Quote:

**PrincessDerpy**:

I hate you. I hate you because now I have to explain what I've explained a thousand times before. Let's get this over with.

I am going to use the relationship between 3 points to demonstrate why you don't understand the relationship between total armor and total damage mitigation

At 0 resist, you have 0% total mitigation

At 30 resist, you have 25% total mitigation

At 100 resist, you have 50% total mitigation

The first thing out of your mouth is probably "but I'm right and the numbers show that I am!". Let me tell you why you're wrong.

Going from 25% total mitigation to 50% is not the same as going from 0% to 25%, save in relation to RAW INCOMING DAMAGE. What actually happens when you go from 25% to 50% is you cut the damage you were taking at 25% down by a third, 33%. How does this work? At 25% mitigation you take 75% of raw incoming damage. At 50% you take 50% of raw incoming damage.

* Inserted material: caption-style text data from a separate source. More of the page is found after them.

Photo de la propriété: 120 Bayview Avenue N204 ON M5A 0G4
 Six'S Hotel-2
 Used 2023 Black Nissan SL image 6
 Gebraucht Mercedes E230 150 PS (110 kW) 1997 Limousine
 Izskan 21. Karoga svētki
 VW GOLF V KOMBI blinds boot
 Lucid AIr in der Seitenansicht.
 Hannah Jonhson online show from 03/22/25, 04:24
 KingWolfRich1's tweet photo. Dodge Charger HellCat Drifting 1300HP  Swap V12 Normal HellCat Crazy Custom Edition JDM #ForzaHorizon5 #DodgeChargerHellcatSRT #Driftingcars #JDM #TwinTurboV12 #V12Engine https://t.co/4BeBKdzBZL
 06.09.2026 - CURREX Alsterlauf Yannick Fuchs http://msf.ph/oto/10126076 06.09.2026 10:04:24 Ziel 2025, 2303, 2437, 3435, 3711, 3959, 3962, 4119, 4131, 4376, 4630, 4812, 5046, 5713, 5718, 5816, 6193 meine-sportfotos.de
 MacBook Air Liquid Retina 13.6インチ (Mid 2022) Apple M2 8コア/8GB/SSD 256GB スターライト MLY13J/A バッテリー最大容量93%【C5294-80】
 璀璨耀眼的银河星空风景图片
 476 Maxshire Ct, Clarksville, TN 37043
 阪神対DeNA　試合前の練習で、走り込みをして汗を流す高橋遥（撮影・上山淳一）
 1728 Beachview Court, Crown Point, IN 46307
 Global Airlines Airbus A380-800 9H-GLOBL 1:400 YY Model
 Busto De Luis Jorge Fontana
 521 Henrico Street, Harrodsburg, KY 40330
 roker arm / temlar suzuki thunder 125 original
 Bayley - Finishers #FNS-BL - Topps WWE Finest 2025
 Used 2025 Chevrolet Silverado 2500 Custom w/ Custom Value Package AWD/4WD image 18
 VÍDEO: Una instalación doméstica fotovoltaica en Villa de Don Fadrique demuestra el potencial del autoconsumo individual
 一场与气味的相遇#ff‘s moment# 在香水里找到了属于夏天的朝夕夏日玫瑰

Ergo, going from 25% to 50% mitigation actually improved your defenses by more than you think they should at first blush.

In fact, this works moving onward. Going from 50% total mitigation to 75% mitigation cuts the damage you were taking at 50% in half.

This is why resists actually do not have diminishing returns even though it looks like diminishing returns. Percentile damage mitigation becomes increasingly more valuable the closer its value gets to 100%. In fact, to make a point of absurdity, going from 98% to 99% would halve damage intake. Granted you would be taking piss all for damage at 98% mitigation, but you'd be taking half of that piss all at 99%.

In short, if the game scaled like this

0-0

30-25%

60-50%

90-75%

120-99.9%(recursive to infinity decimals)

Resists would actually scale exponentially with themselves because each additional 1% mitigation is actually more valuable than the last!

That's a very twisted view of how this works. You have to look at it in terms of practical use within the game, and also the argument at-hand in this thread.

Let's go back to my example.

You have an effective 30 MR, and a fed Karthus at level 18 has an ult that'll do 950 damage, base. You take 731.5 damage. You buy an addition 20 MR. Now the ult does 636.5 damage. For 20 MR, you just reduced the damage of the ult by almost 100.

Now the tank with an effective 150 MR takes the same ult. Take 380 damage. Tank buys 20 more MR, and the damage only reduces to 351.5 damage. So adding 20 MR on top of the 150 you already had is only removing 30 damage from the ult.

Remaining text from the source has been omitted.